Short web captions
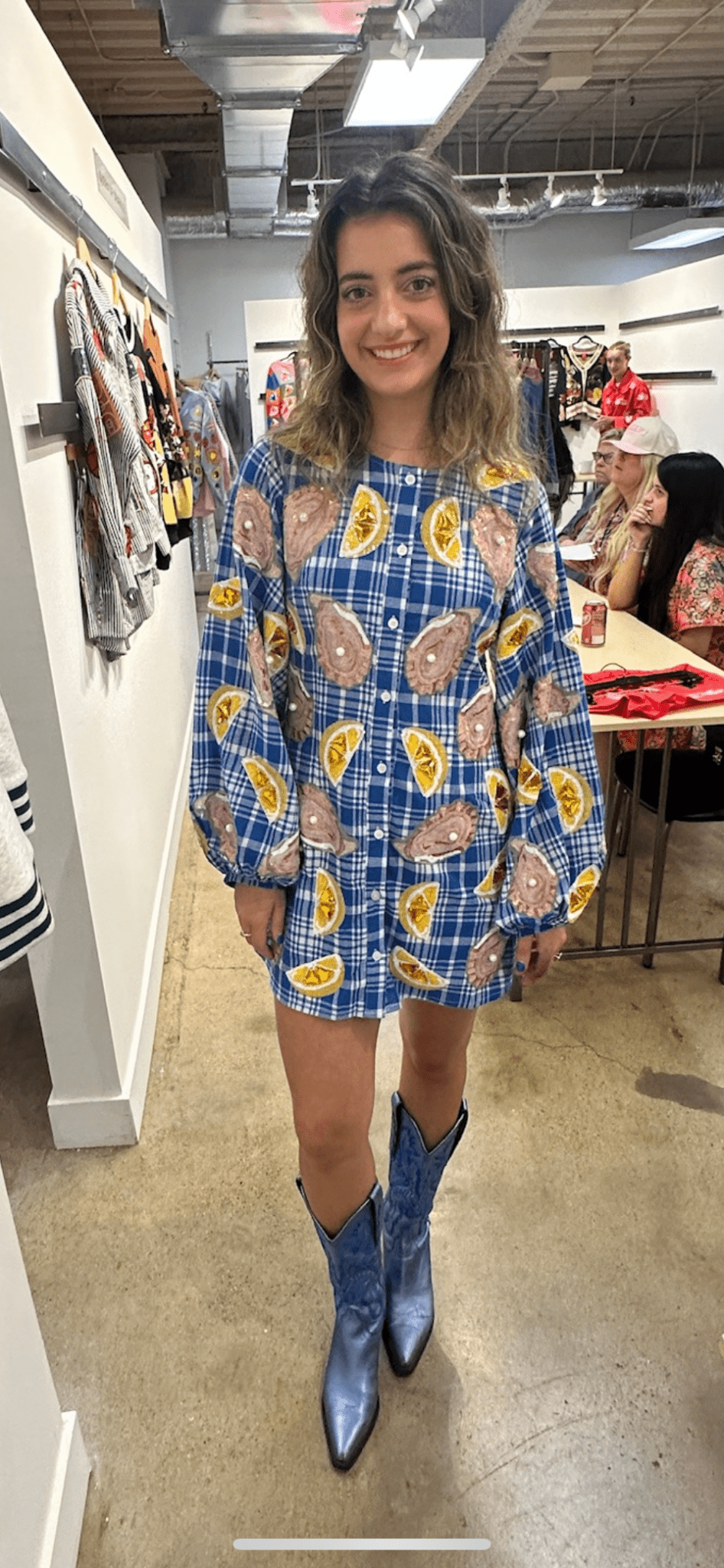 Queen of Sparkles Blue & White Plaid Oyster & Lemons Button Up Dress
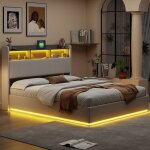 Lit coffre 160x200 blanc en velours avec rangement led ports usb type - c et vrin  gaz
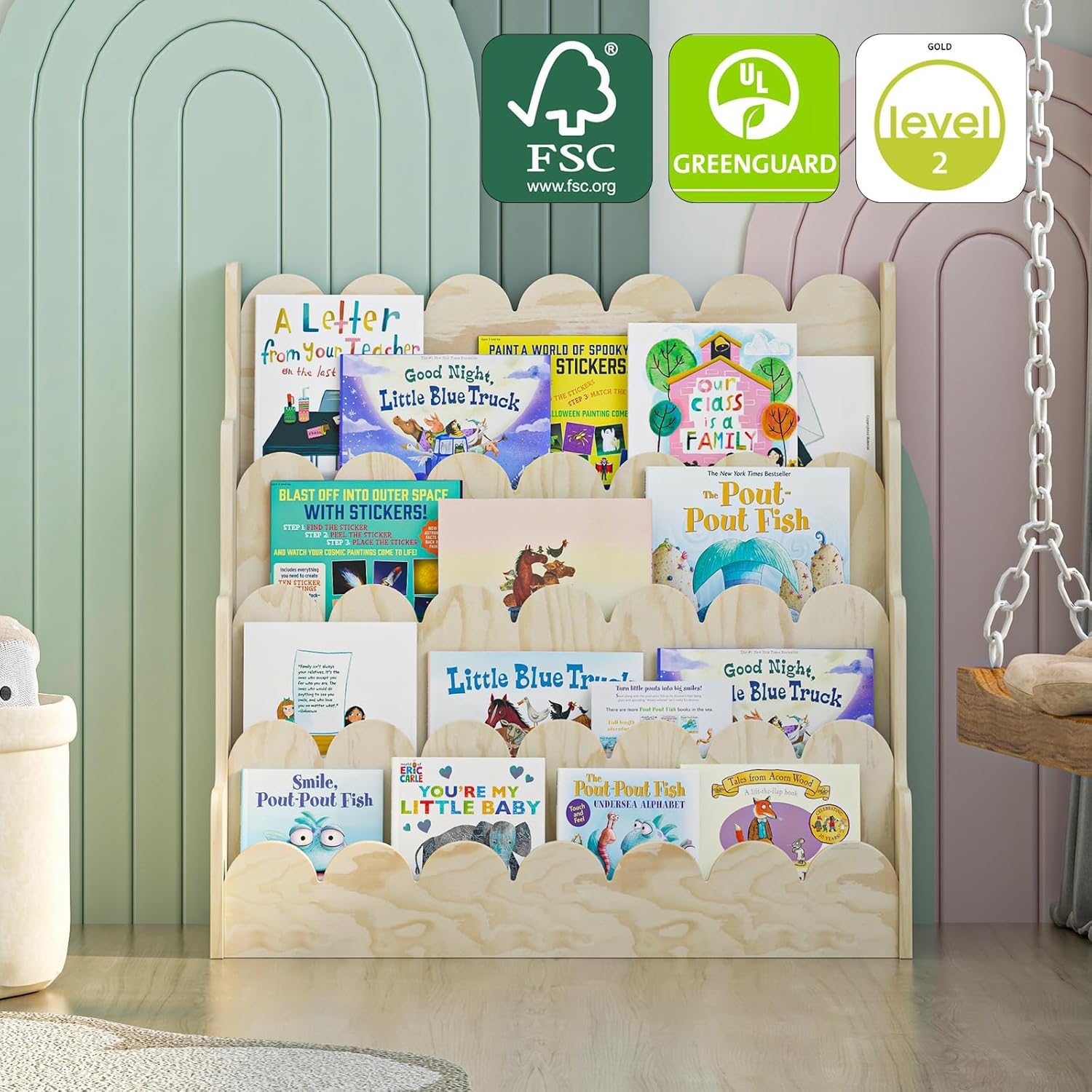 4 Tier Scalloped Kids Bookshelf Natural Wood Toddler Book Rack Nursery Bookcase Playroom Coloring Book Magazine Display Storage Shelf Organizer Classroom Library Homeschooling (Natural Wood)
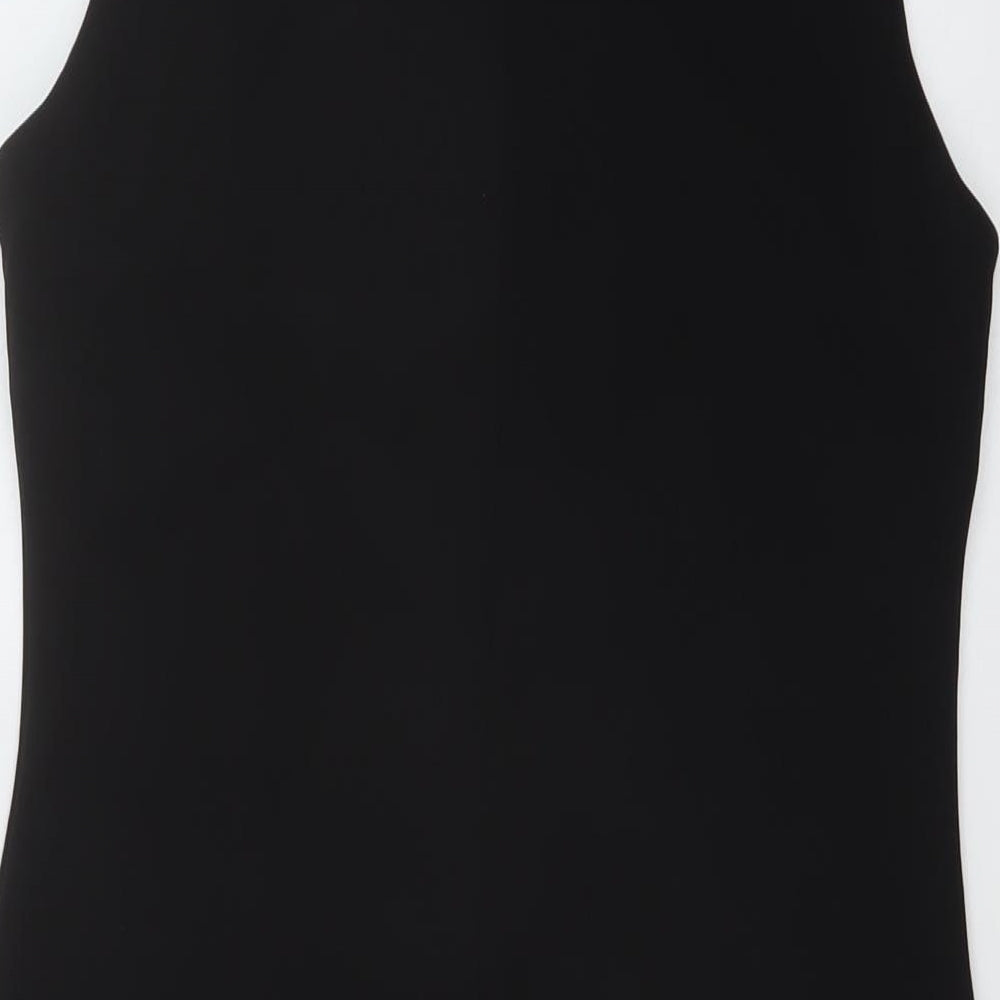 Wallis Womens Black Polyester A-Line Size 12 Mock Neck Zip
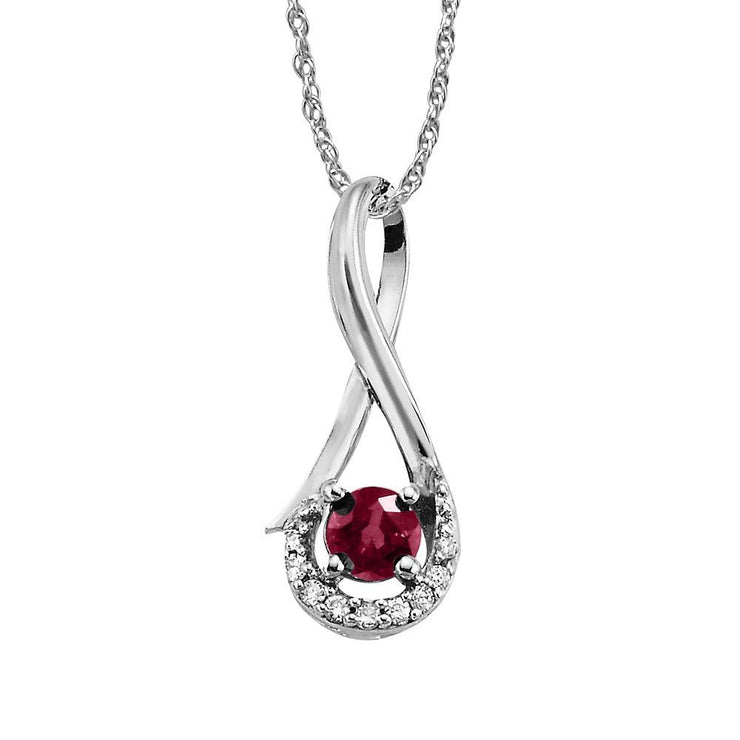 14K White Gold Madagascar Ruby/Diamond Pendant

> _What you have to do_: The entries are to be restated word for word, with pictures omitted.

> _Task output_:
 Queen of Sparkles Blue & White Plaid Oyster & Lemons Button Up Dress
 Lit coffre 160x200 blanc en velours avec rangement led ports usb type - c et vrin  gaz
 4 Tier Scalloped Kids Bookshelf Natural Wood Toddler Book Rack Nursery Bookcase Playroom Coloring Book Magazine Display Storage Shelf Organizer Classroom Library Homeschooling (Natural Wood)
 Wallis Womens Black Polyester A-Line Size 12 Mock Neck Zip
 14K White Gold Madagascar Ruby/Diamond Pendant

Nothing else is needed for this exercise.